Come on a Mission Discovery project in Haiti and you’ll never be the same – maybe!

Spending a week in Port au Prince can leave a person with a nagging sense of hopelessness. The obvious injustices and an overwhelming plight of poverty have the potential to inoculate one’s heart from the endless filmstrip that keeps reeling through the mind after returning home.

Micah 6:8 calls all who follow Christ to “do justice”. However, I have observed many who journey into the world’s darkest dark respond by disengaging from the painful experiences – a very human reaction and one I can certainly relate to. Burdened down by the enormity of humanity’s problems and a clear picture of how one person’s efforts to even make a dent in the situation, we find it easy to throw our thoughts into the brain’s trashcan and move on to more pleasant thoughts and activities.

Writing this article from my room in Port au Prince, hours away from escaping to my “day-by-day”, I’m experiencing a new sense of peace that is both motivational and satisfying.

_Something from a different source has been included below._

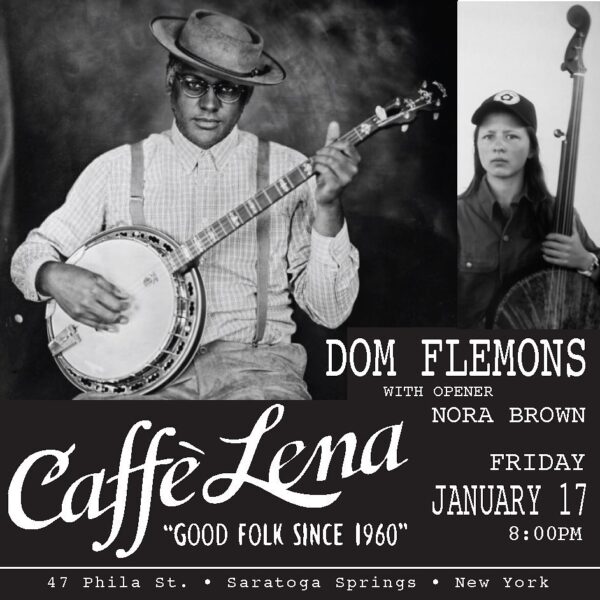 Dom Flemons / Nora Brown @ Caffe Lena (January 17, 2020)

Have I made a difference by being here these past ten days? YES, I HAVE. Would the world judge my efforts and call me out as a hero? LIKELY NOT! Have I been obedient to the requirement found in Micah 6:8? YES, I BELIEVE SO!!

This truth, coupled with peace God speaks of in Isaiah 26:3 & John 14:27, grants me a motivating peace to passionately pursue the journey with Jesus through the pain and despair of this world, touching one life at a time and leading others in the same through Mission Discovery projects.